Tenho de começar por perguntar como tudo isto cresceu ao ponto de um adolescente de 18 anos se ter tornado um especialista sobre toda uma geração, que por acaso é a sua.
Estava a estudar gestão na Universidade do Texas, mas não me cheguei a licenciar. Era uma rapaz de 18 anos quando escrevi o meu primeiro livro para esta geração que ainda nem era conhecida por Millennials, mas apenas por Geração Y.
Como é que um adolescente escreve um livro “Graduate to your perfect job”(1997) para a sua geração?
Na altura decidi que tinha de escrever este livro porque queria ajudar os meus amigos. O que estava a acontecer é que eu, apesar de só ter 18 anos na altura, estava a ter acesso a oportunidades de trabalho muito boas, o que não estava a acontecer com o resto das pessoas que conhecia. Tudo o que queria fazer era ajudá-los a perceber que não importa qual é o teu contexto ou de onde vens, a verdade é que tu podes ir lá fora e procurar um trabalho se souberes o que queres e o que fazer. O grande problema é que ninguém nos ensina a arranjar trabalho e eu aprendi da forma mais difícil. Por isso achei que podia escrever um livro sobre como foi ir à luta por um emprego que realmente se gosta.
Ficou conhecido depois do lançamento do livro.
Sim, comecei a ser convidado para imensos programas de televisão bastante conhecidos, como o “Today Show”, passei a dar entrevistas para jornais sempre sobre esta nossa geração e o que é que os empregadores precisavam de saber sobre nós.
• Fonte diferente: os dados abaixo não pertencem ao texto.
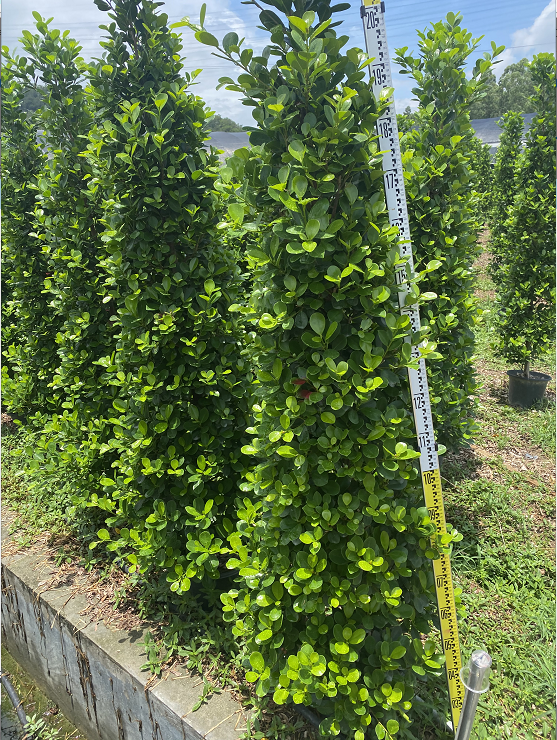 火山榕基地圖片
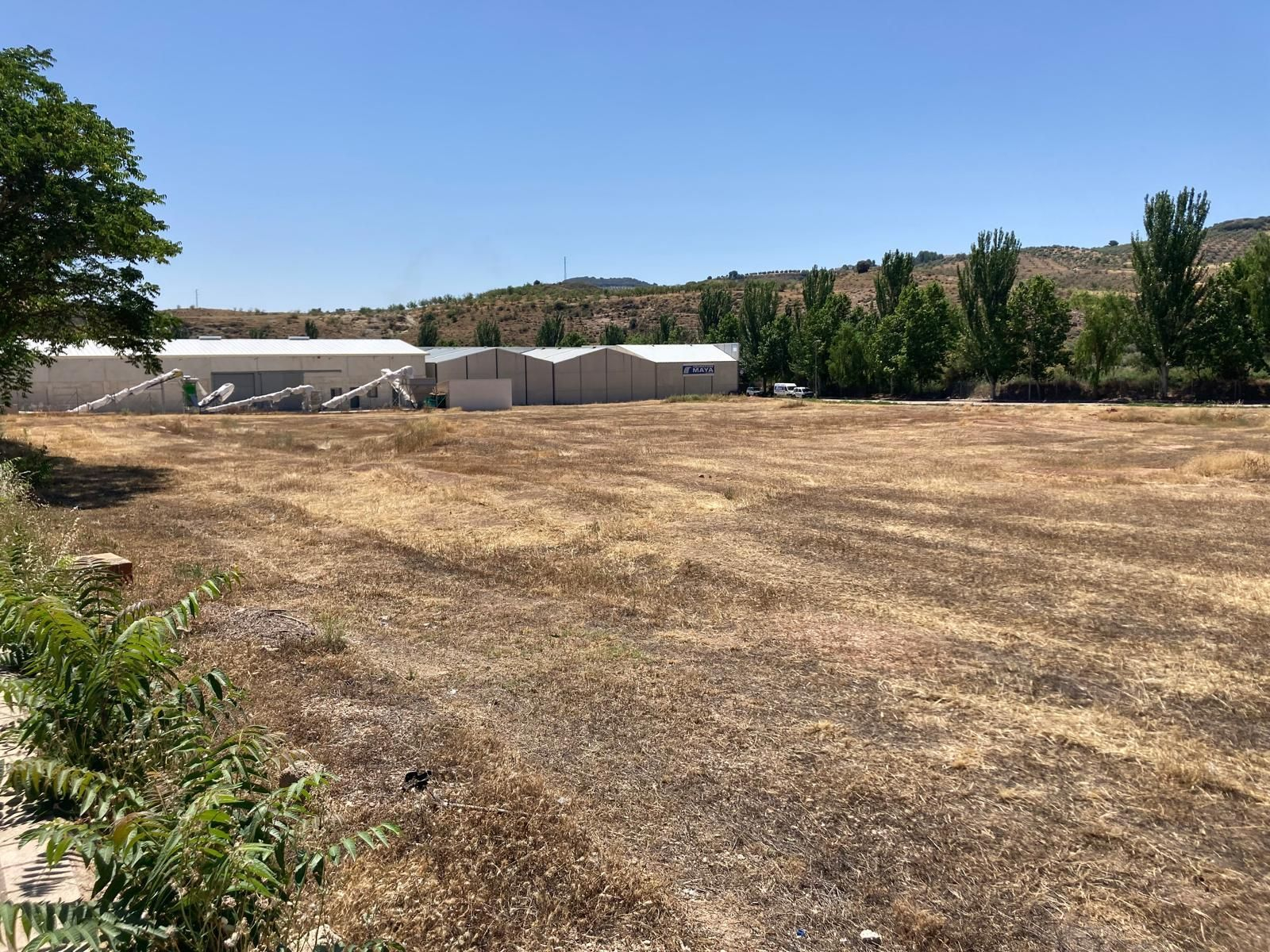 Terrenos que serán urbanizados para atender la demanda de parcelas en el Polígono Los Retiros de Huelma.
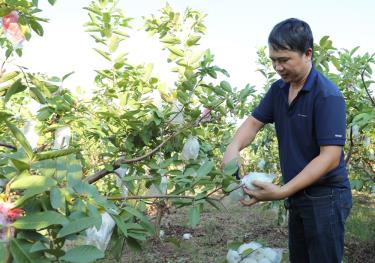 Mỗi năm, gia đình anh Đặng Huy Phong, tổ dân phố Hòa Sơn, thị trấn Cao Thượng (Tân Yên) thu lãi khoảng 200 triệu đồng từ trồng ổi lai.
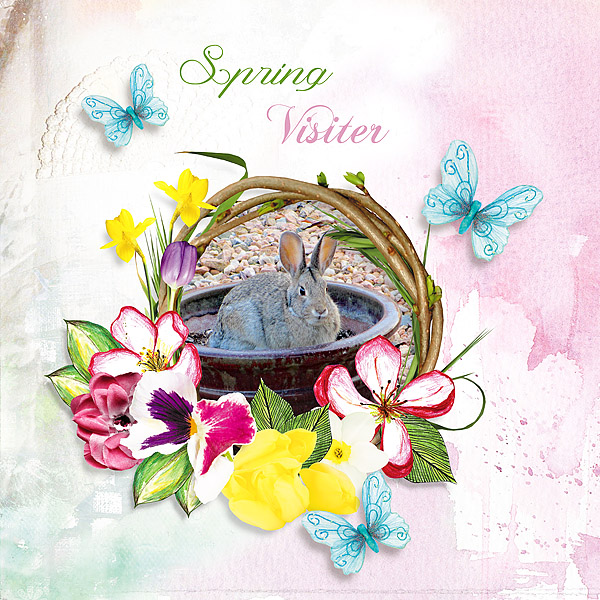 Spring Visiter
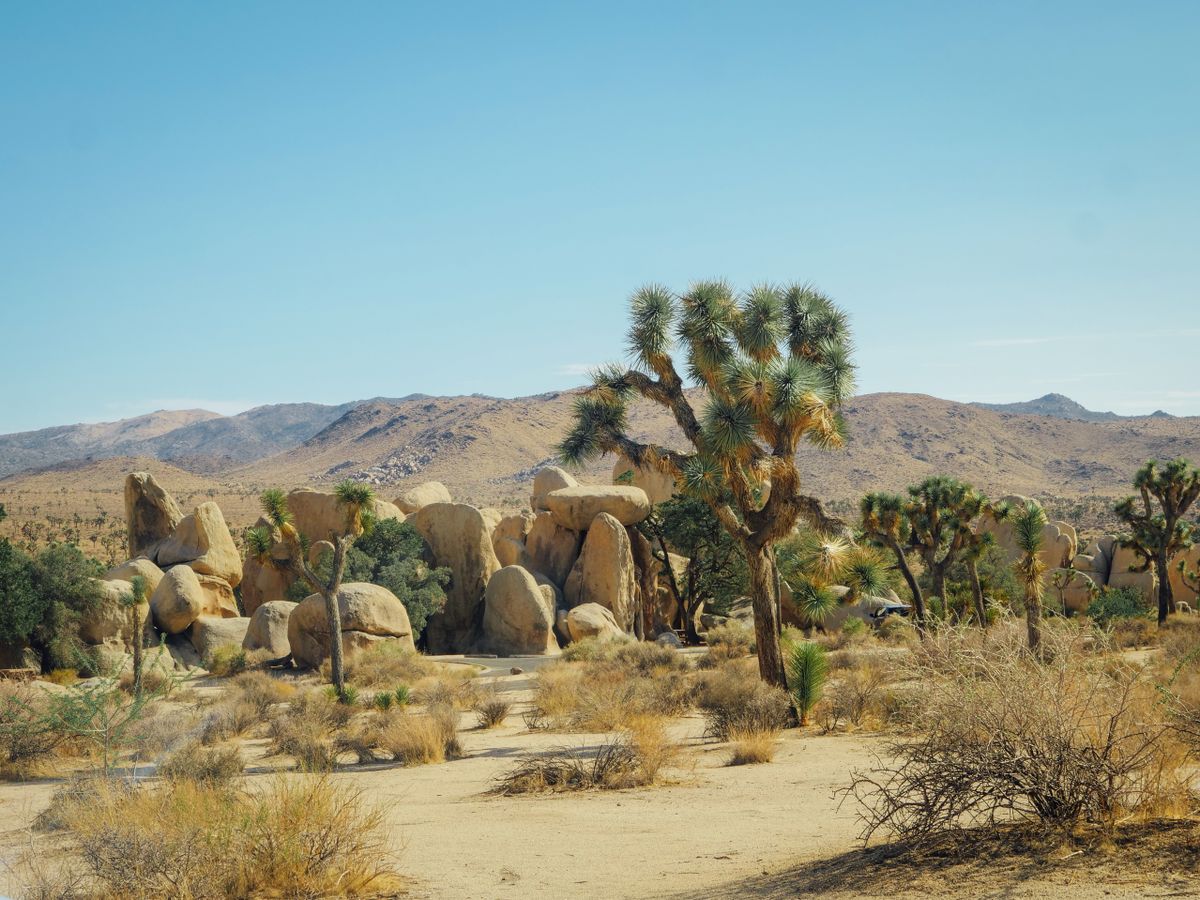 Joshua trees and granite boulders under a desert sky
Nós temos de compreender os empregadores, mas eles também têm de perceber como é que funcionamos enquanto profissionais. Fui escrevendo mais livros e a aparecer mais, até que isto evoluiu a um ponto em que comecei a dar palestras por todo mundo, a fazer consultoria para empresas que viam na nossa geração um desafio.
Foi aí que criou o seu centro de investigação?
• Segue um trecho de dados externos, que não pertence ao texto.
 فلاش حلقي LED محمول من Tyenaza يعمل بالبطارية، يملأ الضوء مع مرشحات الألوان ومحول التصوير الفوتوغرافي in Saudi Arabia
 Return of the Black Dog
Exatamente. Começámos a desenvolver imensas investigações a um nível muito avançado, sempre com o intuito de ajudar as pessoas a desmistificar todas as generalizações sobre uma geração que não era, nem é ainda, bem compreendida.
Assim proporcionámos a informação que comprova ou não o que as empresas e os indivíduos encaravam como verdades. Surgiu o nosso centro de investigação “The Center for Generational Kinetics” com acesso a dados de todo o mundo que tem como intuito ajudar as organizações a perceberem quem são os Millennials, como é que se pode dar-lhes emprego, como dirigir o marketing para eles, mas também ajudar os Millennials a conhecerem as outras gerações.
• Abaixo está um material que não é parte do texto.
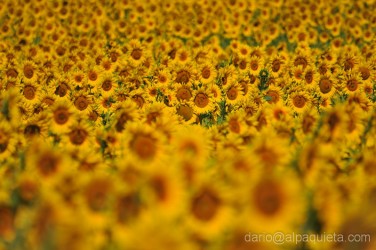 Girasoli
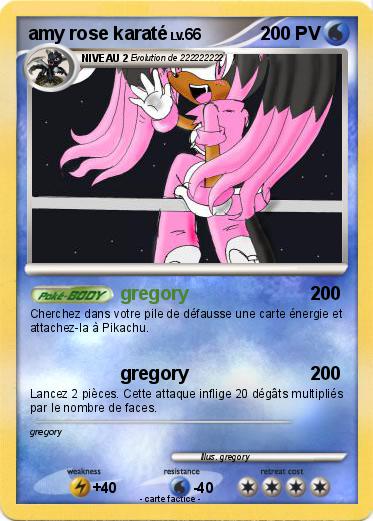 Pokemon amy rose karaté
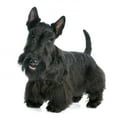 thumbnail image 2 of Scottish Terrier Wall Mural Decal by Wallmonkeys Vinyl Peel and Stick Graphic (36 in H x 36 in W), 2 of 4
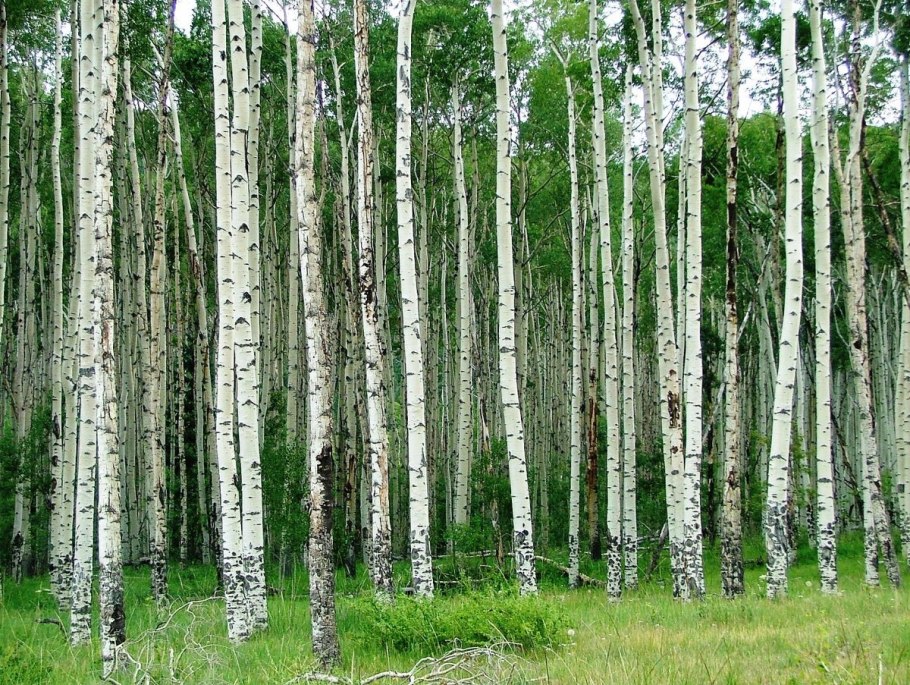 Береза в Финляндии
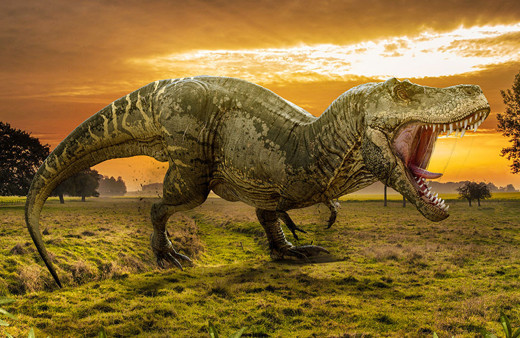 İngiltere'de yeni bir dinozor türüne ait fosil bulundu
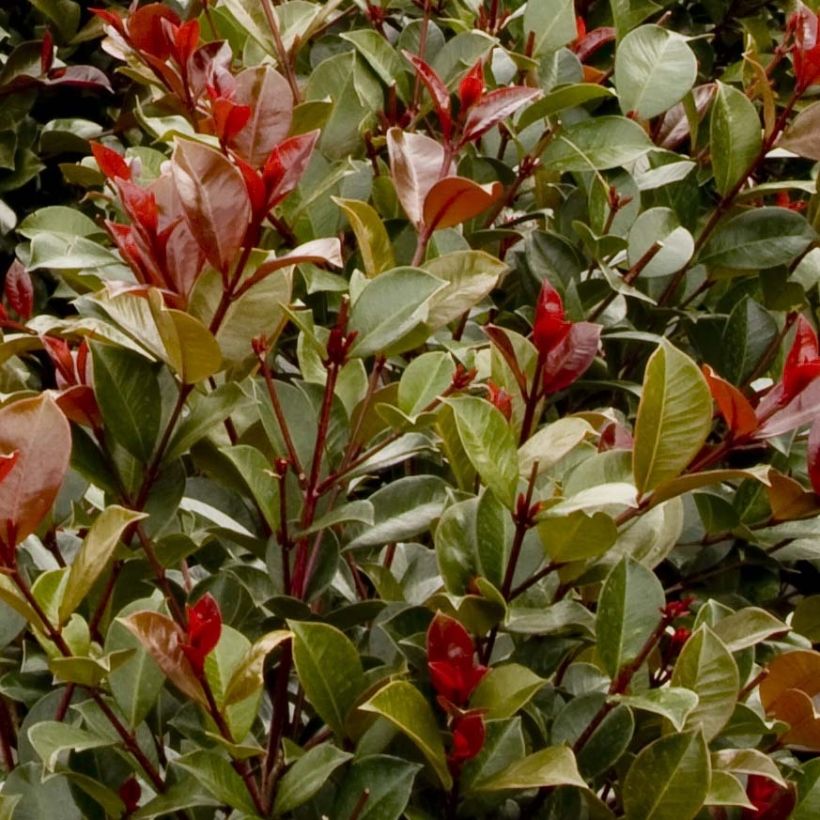 Syzygium australe Big Red (Lehvistö)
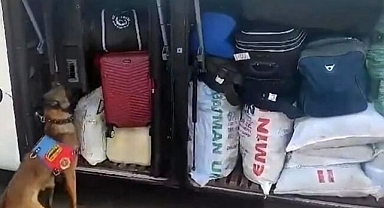 Yolcu otobüsünden bakın ne çıktı!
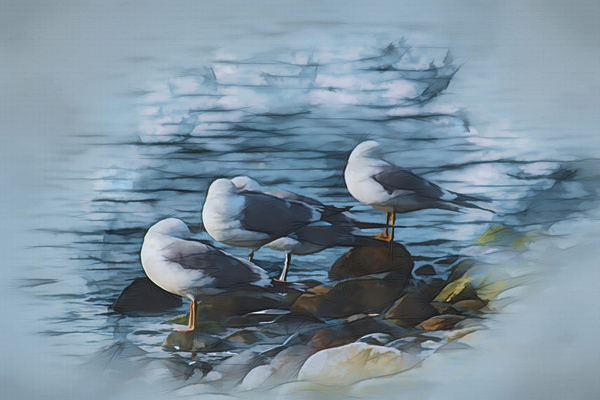 Preening Gulls Digital Download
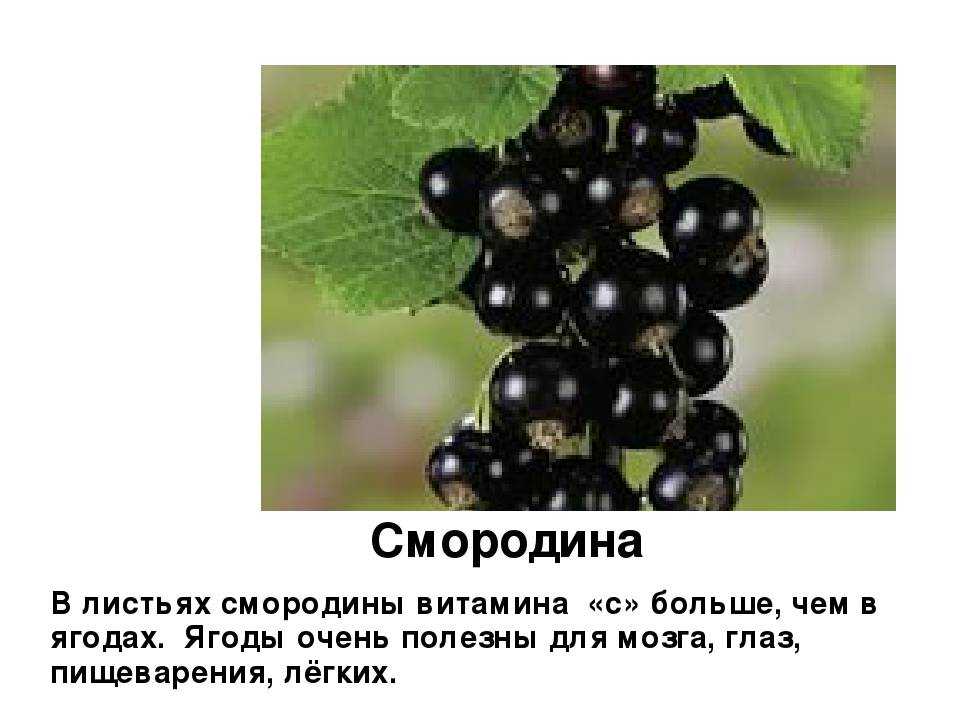К чему снится смородина. сон смородина черная и крупная на кустах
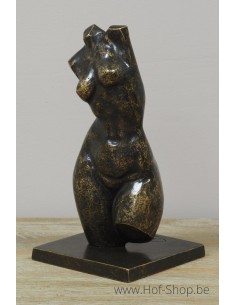Buste féminin moderne petit - statue en bronze (AN3552BR-BI)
Foi uma vaga de profissionais completamente diferentes a chegar ao mercado de trabalho.
Exatamente. Durante vários anos peguei na minha experiência e escrevi para os jovens da Geração Y sobre como encontrar um bom emprego, sobre como é que poderíamos descobrir o que fazer com as nossas vidas. Mais ou menos há 10 anos, grandes empresas começaram a contactar-me e a pedir ajuda, porque estavam a contratar pessoas da minha geração mas não sabiam como lidar com elas, diziam que os estavam a deixar malucos. (risos)
Compreensível, no mínimo. O que lhes fazia mais confusão?
Diziam-me “Ei nós não sabemos como lidar com esta gente, as calças caem-lhes pelo rabo, ainda dependem dos pais, querem imenso tempo livre, não parecem leais, querem logo chegar a gerentes e a posições de liderança, mas depois querem mudar de trabalho passado um mês. Precisamos de ajuda”. Ora, isto fez-me pensar: Será que isto é mesmo verdade? Não quis assumir que esta fosse a realidade e foi isso que me fez juntar uma equipa e recolher informação de empregadores de todo o mundo, desde dados governamentais, a qualquer outro tipo de informações que pudéssemos recolher para nos ajudar a descobrir se os Millennials eram assim tão diferentes e se sim, como e quão diferentes são das anteriores gerações.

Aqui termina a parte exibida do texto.